説明

カプセル

【課題】ミクロ−又はナノ−カプセルを提供する。
【解決手段】本発明は、粒子の外側シェル上に二つの異なる官能性基を有する(ミクロ−又はナノ−)カプセルであって、テキスタイル表面に付着することが可能であり(即ち、付着持続性を示し)、そして続いてテキスタイルに粒子を共有結合することが可能である(即ち、繊維に対して反応性である)カプセルに関するものである。本発明のミクロ−又はナノ−カプセルは、バインダーに対する明確な要求を排除し、且つ利用可能なペイロードを増加することにより、従来技術における制限を克服することを目的とする。

【発明の詳細な説明】
【技術分野】
【0001】
本発明は、カプセルに関するものである。
【背景技術】
【0002】
最新のテキスタイルは、クリーニングの容易さ又はアイロン掛けの容易さのような事柄に対する高度な仕様及び要求に適合しなければならない。これを実行するために、材料は、典型的には、シリコーンなどのような処理剤の添加により、製造中に機能化される。

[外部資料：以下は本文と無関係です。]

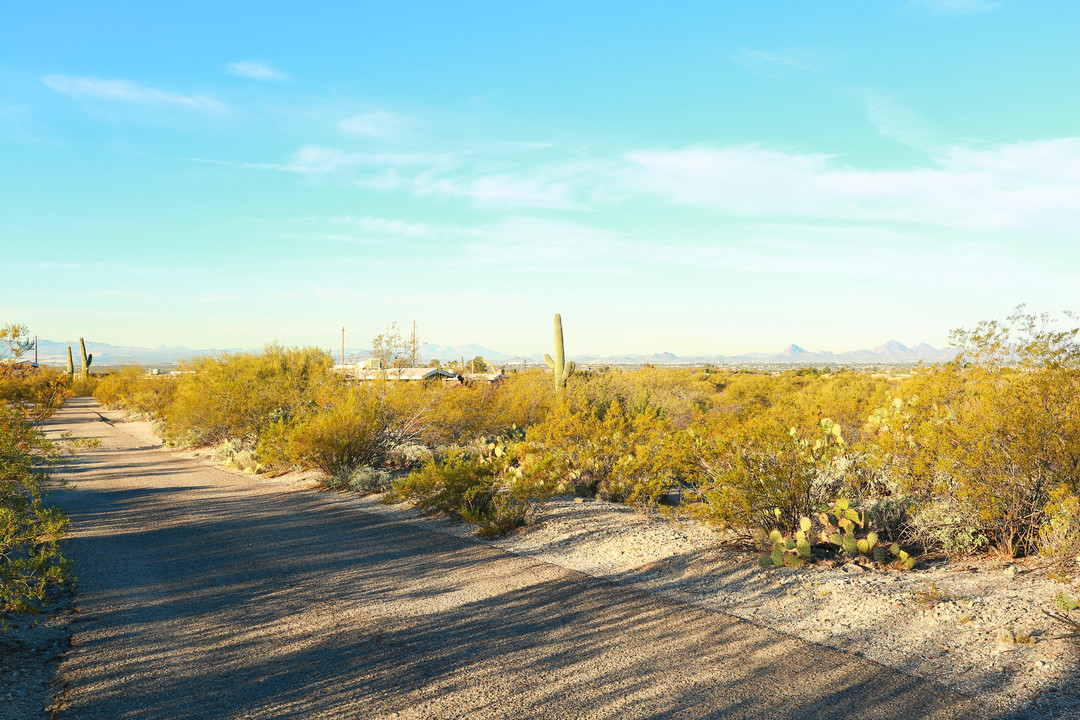 3700 S Old Spanish Trl in Tucson, AZ - Building Photo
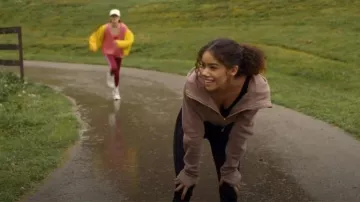 Sudadera con capucha corta con cremallera completa Lululemon Scuba usada por Virginia 'Ginny' Miller (Antonia Gentry) como se ve en Ginny & Georgia (S03E02)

望ましいと消費者に認識されている一つの潜在的事項は、悪臭抑制によるか又は芳香の調節された放出によるかの何れかでそれ以上の新鮮さを提供する機能を有するファブリックに関することである。
機能化は、生産手順の間の幾つかの工程において、またパジングのような周知適用技術の一つにおいて行われ得る。また他には、染色のような確立された製造工程の間に、薬剤が添加され得る。製造工程における実際の添加の時期及び方法は、使用される薬剤の種類に依存している。

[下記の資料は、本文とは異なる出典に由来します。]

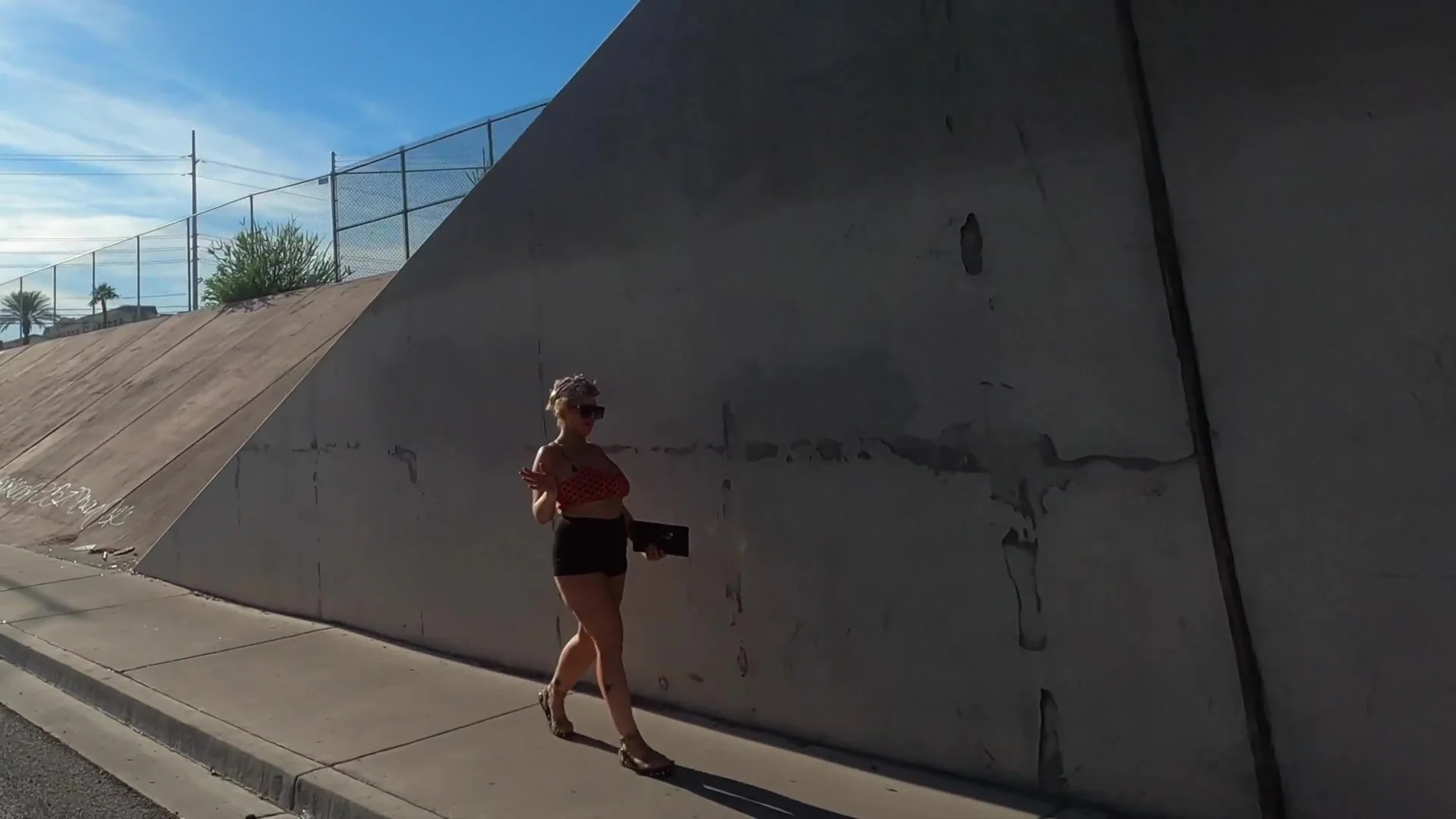 Sexy Amateurs Candid Public Walking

テキスタイルの脱臭効果を改良するためにそれらを機能化するための一つの手段は、β−シクロデキストリンのような改質物質を使用することである。このような手法は、米国特許第6861520号明細書に開示されており、ここでは、繊維に前記シクロデキストリンを付着させるために、架橋剤(典型的には、イミダゾリドン)が使用されている。この文献は、この改質繊維が、その後、臭いを捕捉することを教示している。

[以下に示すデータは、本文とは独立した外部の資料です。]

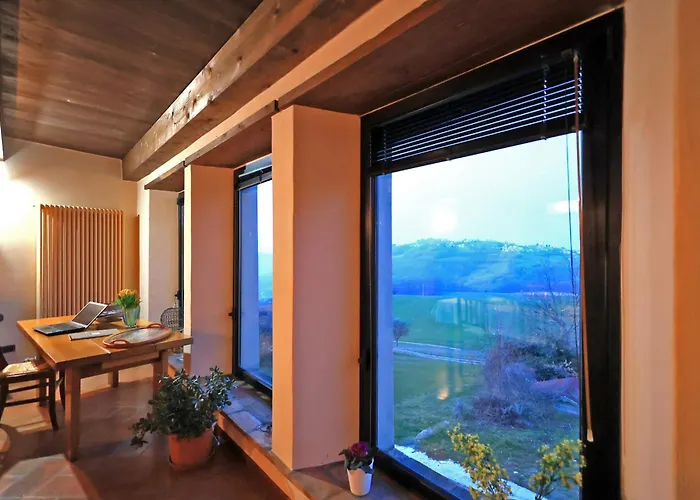Splendida Casa In Sasso In Borgo Semesterbostad Canossa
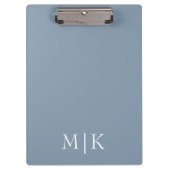 Dusty Blue und White | Modernes Monogramm Klemmbrett (Vorderseite)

同様の観点において、国際特許出願公開第03/093571号パンフレット及び米国特許第4882220号明細書に示されているように、マイクロカプセルの付着は確立された技術であり、両方の文献において、カプセルをバインダーの助けにより繊維に接着する方法が例示されている。
【特許文献1】米国特許第6861520号明細書
【特許文献2】国際特許出願公開第03/093571号パンフレット
【特許文献3】米国特許第4882220号明細書
【発明の開示】
【発明が解決しようとする課題】
【0003】
これらの手法を使用することは、幾つもの欠点を有する。第一に、高濃度のバインダーの使用は、ファブリックの取り扱い中に劣化を生じさせ得、消費者に、柔軟性に欠け、従って、望ましくないとの認識を与える。第二に、臭いの取り扱いにおいて、シクロデキストリンの使用は、シクロデキストリン分子は、非常に低濃度の臭気成分のみを吸収し得る、即ち、使用される場合において、それらが有するペイロードが低いとの事実により制限される。
【課題を解決するための手段】
【0004】
本発明は、マイクロ−又はナノ範囲にあり、そしてポリマー状シェルの表面の外側にカチオン性基及び繊維反応性(fiber−reactive)基を有し、それ故、バインダーに対する明確な要求を排除し、且つ利用可能なペイロードを増加することにより、これらの制限を克服することを目的とする、カプセルに関するものである。
【発明を実施するための最良の形態】
【0005】
ナノ−及びマイクロカプセルは、後の使用のために備えて、物質を保持する都合の良い手段を提供する。前記カプセルは、独特のコア−シェルからマトリックスに至る広い範囲の形態を有し得るけれども、それ以外の使用可能な形態が、「微小球、マイクロカプセル及びリポソーム(Microspheres,microcapsules and l
iposomes)」[編者:アール アルシャディ(R Arshady)、シトラス出版(Citrus Press)、1999年、ISBN:0953218716]に記載されている。前記形態がコア−シェルである場合には、前記シェルはカプセルのコア材を包んでおり、他方、前記形態がマトリックスタイプである場合には、ポリマー状物質全体にわたり活性物質が分散されている。
【0006】
使用において、カプセル封入された物質は、それが適用されている物品が使用されるまでその性質を保持する。保持される物質は、如何なる種類の物理形状における如何なる種類の活性成分であってもよく、そして多くの用途分野において使用することができる。
【0007】
本発明のマイクロカプセルは、粒子の外側シェル上に二つの異なる官能性基を有し、それ故テキスタイル表面に付着可能であり(即ち、付着持続性を示し)、そして続いてテキスタイル上に粒子を共有結合させることが可能である(即ち、繊維に対して反応性である)ことを特徴とする。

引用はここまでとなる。